• _Task brief_: Between the line containing "Recently Sold: $887,000" and the line containing "Үш мың сарбаз ант берді" lies a run of lines; give that run again exactly, with both of those lines, and nothing else from the entries below.

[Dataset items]
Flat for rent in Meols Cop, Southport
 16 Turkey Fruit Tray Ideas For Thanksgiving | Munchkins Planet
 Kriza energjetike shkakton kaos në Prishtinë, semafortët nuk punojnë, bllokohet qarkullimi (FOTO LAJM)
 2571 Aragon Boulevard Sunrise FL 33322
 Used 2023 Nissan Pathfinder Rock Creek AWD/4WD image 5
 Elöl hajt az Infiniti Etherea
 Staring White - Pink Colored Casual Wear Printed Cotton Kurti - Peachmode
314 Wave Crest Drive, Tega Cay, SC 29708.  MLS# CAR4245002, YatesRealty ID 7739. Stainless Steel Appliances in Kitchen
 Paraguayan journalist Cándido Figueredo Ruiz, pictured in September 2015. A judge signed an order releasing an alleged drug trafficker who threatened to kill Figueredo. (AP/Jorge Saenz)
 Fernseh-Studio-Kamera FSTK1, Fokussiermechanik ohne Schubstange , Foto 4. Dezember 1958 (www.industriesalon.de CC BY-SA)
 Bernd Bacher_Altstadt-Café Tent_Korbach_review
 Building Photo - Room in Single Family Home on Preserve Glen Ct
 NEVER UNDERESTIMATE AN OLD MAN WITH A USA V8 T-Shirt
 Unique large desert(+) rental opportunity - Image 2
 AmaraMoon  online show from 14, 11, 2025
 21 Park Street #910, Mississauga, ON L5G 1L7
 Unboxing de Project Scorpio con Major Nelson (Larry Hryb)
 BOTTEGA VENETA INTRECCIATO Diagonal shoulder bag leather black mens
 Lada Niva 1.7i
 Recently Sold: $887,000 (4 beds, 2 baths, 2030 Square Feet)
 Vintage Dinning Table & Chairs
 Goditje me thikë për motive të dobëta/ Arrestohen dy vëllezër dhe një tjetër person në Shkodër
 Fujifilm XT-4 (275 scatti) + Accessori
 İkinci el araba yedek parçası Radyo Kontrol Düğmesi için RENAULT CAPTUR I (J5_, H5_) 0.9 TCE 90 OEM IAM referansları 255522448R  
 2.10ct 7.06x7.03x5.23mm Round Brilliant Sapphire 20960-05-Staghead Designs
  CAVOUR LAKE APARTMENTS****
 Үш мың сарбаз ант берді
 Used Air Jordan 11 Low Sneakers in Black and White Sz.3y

• _Response below_:
 Recently Sold: $887,000 (4 beds, 2 baths, 2030 Square Feet)
 Vintage Dinning Table & Chairs
 Goditje me thikë për motive të dobëta/ Arrestohen dy vëllezër dhe një tjetër person në Shkodër
 Fujifilm XT-4 (275 scatti) + Accessori
 İkinci el araba yedek parçası Radyo Kontrol Düğmesi için RENAULT CAPTUR I (J5_, H5_) 0.9 TCE 90 OEM IAM referansları 255522448R  
 2.10ct 7.06x7.03x5.23mm Round Brilliant Sapphire 20960-05-Staghead Designs
  CAVOUR LAKE APARTMENTS****
 Үш мың сарбаз ант берді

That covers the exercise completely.